Catherine glared at Sarah. At any moment she might realize she didn’t really have to sit here and answer these questions. Sarah had no authority at all, but she didn’t betray any hint of that. She glared right back at Catherine determinedly. Finally, she said, “Anna said he was Mr. Giddings’s son.”
“Who was Mr. Giddings?” Sarah asked, managing to conceal her feeling of triumph and hoping Catherine wouldn’t remember that Sarah had been here the morning Giddings had come looking for Anna.
“One of her… a friend of hers. He helped her with some… some business matters.”
“I see,” Sarah said, seeing more than that. “And what did the boy want with her?”
“I don’t know. It wasn’t my business.”
“Did he go upstairs with her?” Sarah asked, remembering that the coroner had said she’d been with a man shortly before her death.
“Not likely! Not the way they was fighting!”
“They were arguing? What about?”
“I wasn’t listening on purpose,” she said, defensive again, “but he was shouting. It was hard not to hear what he was saying.”
“And what was he saying?”
“He wanted her to leave his father alone. He said there was no more money. I think… he said something about her giving the money back, I think. And he…”
“He what?”
“He said…” Catherine took a deep breath. “He’d kill her if she didn’t.”
13
SARAH GAPED AT HER. THIS WAS EVEN MORE INFORMATION than she’d wanted to get. “Are you sure that’s what he said?” she asked, still not wanting the Giddings boy to be guilty of the crime.
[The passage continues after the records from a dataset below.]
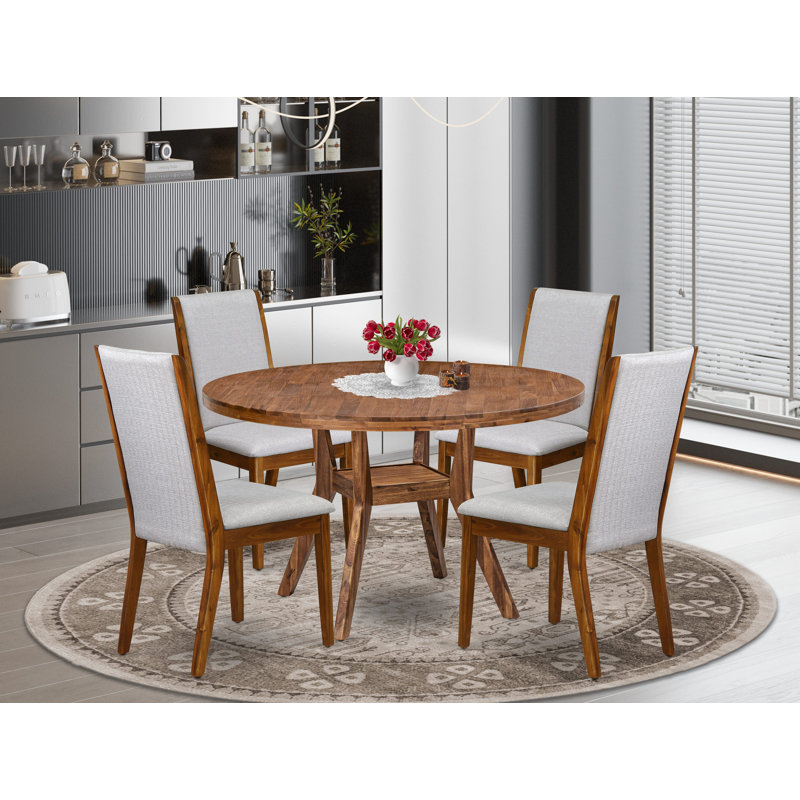 5-Pc Kitchen Set Includes a Pedestal Dining Table and 4 Grey Linen Fabric Parson Chairs with High Back - Antique Walnut Finish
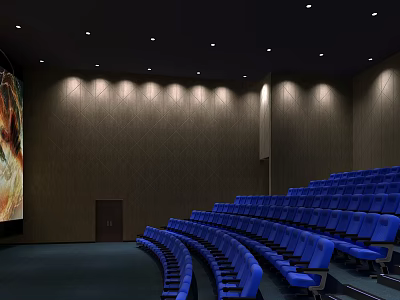 Modern Cinema Theater Interior With Curved Blue Seats Large Screen And Ambient Lighting 3d model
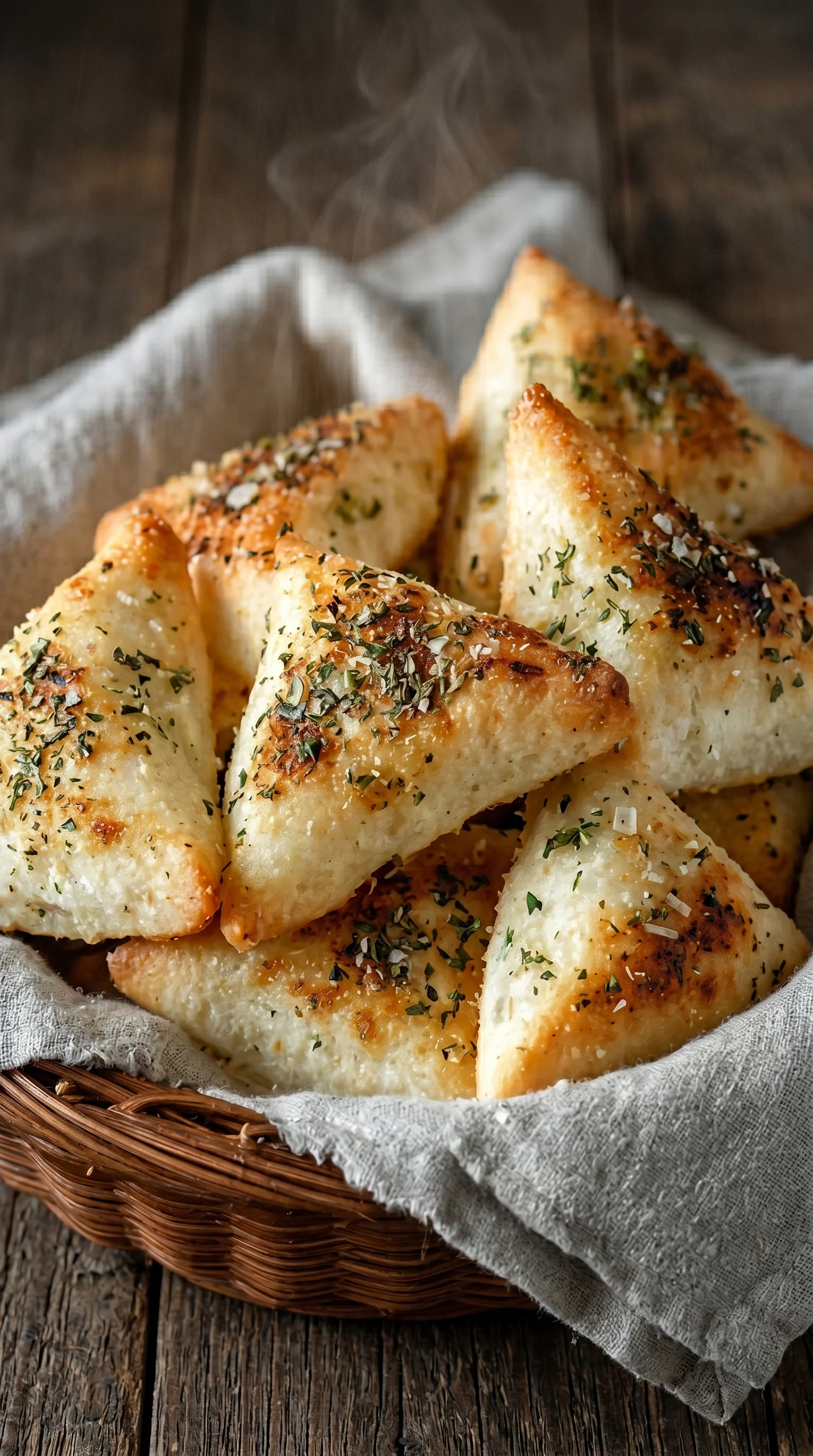 A basket of bread with herbs on top.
“Yeah, because Anna started laughing, and he said something like she’d better believe him or she’d be sorry.”
Sarah hadn’t been trained as a detective, but that sounded like pretty good evidence to her. “And then he left?”
“Yeah, Mr. Walcott told him to leave, and he did.”
“Did you say Mr. Walcott? I thought he wasn’t home that night.”
Catherine looked confused and then frightened again. “Did I say that? No, I meant to say Mrs. You’re right, he wasn’t home that night. Mrs. Walcott asked him to leave.”
“And what time was this when he left?”
“I don’t know,” Catherine complained. “Early in the evening, I guess. Right after supper.”